__Data section__
++++++++

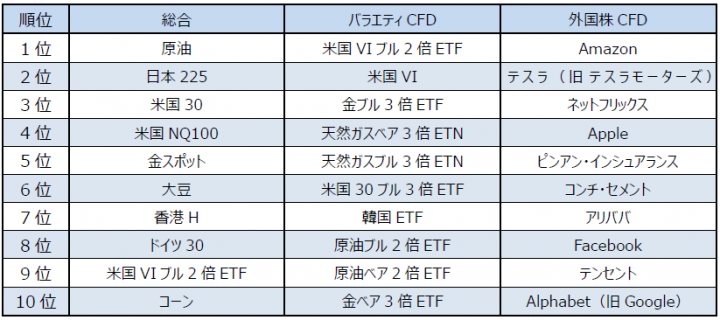 GMOクリック証券株式会社のプレスリリース画像1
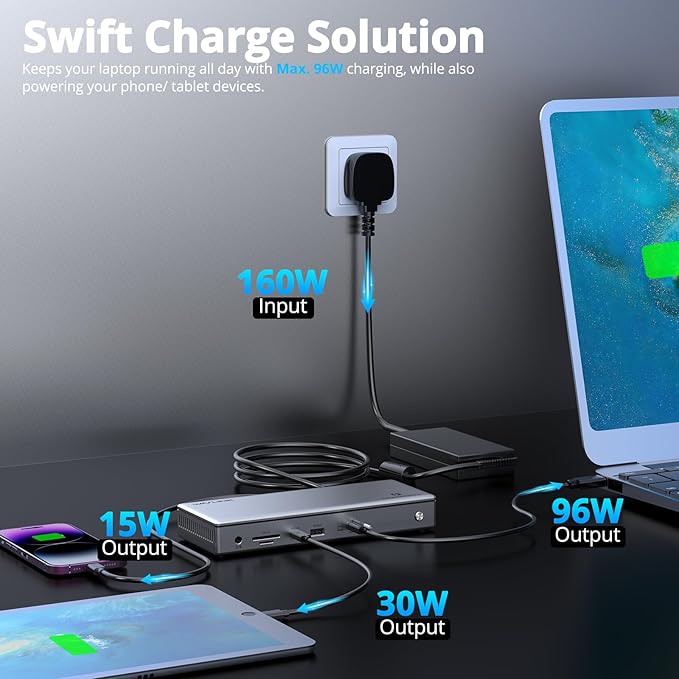 WAVLINK Thunderbolt 4 Hub with Dual HDMI 4K@60Hz, 100W Charging, Thunderbolt - Image 6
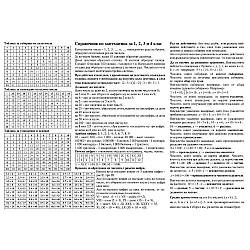 Справочник по математика за 1. -  4. клас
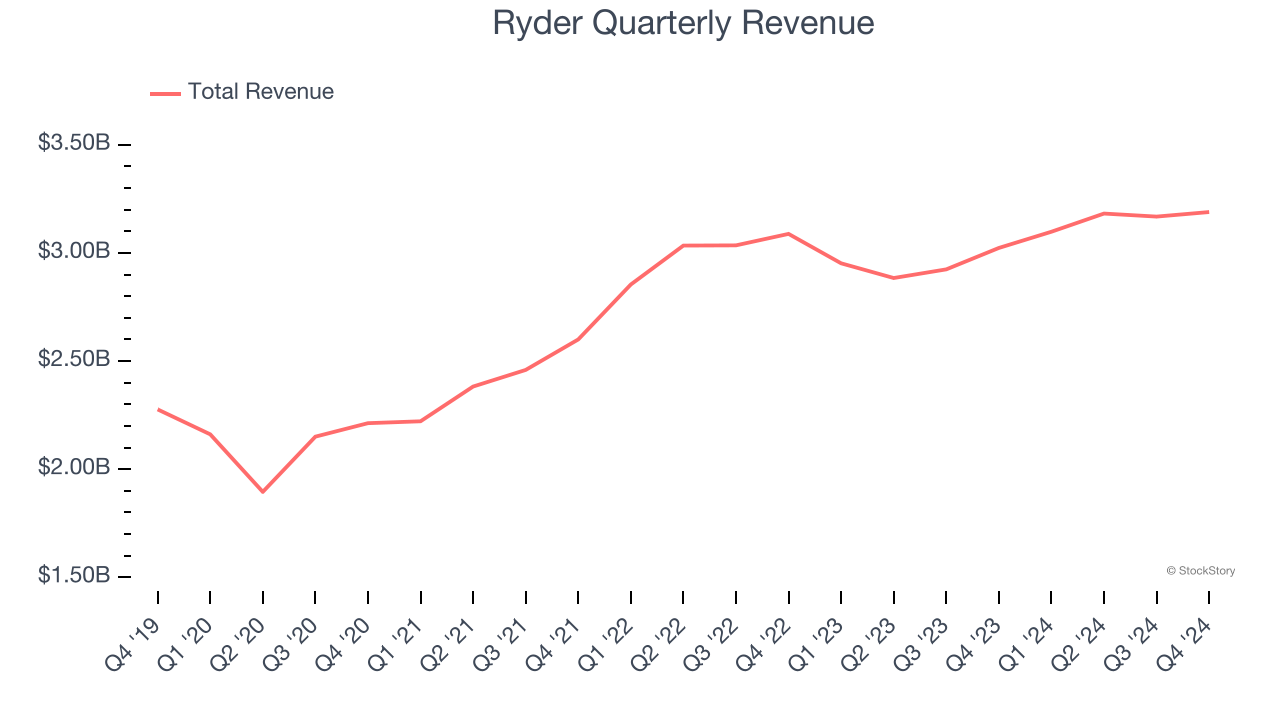 Ryder Quarterly Revenue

++++++++

__Exercise prompt__
Give back, word for word, the lines from the one containing "Справочник по математика" through the last line of the listing above; include both ends and exclude the pictures.

__Task answer__
 Справочник по математика за 1. -  4. клас
 Ryder Quarterly Revenue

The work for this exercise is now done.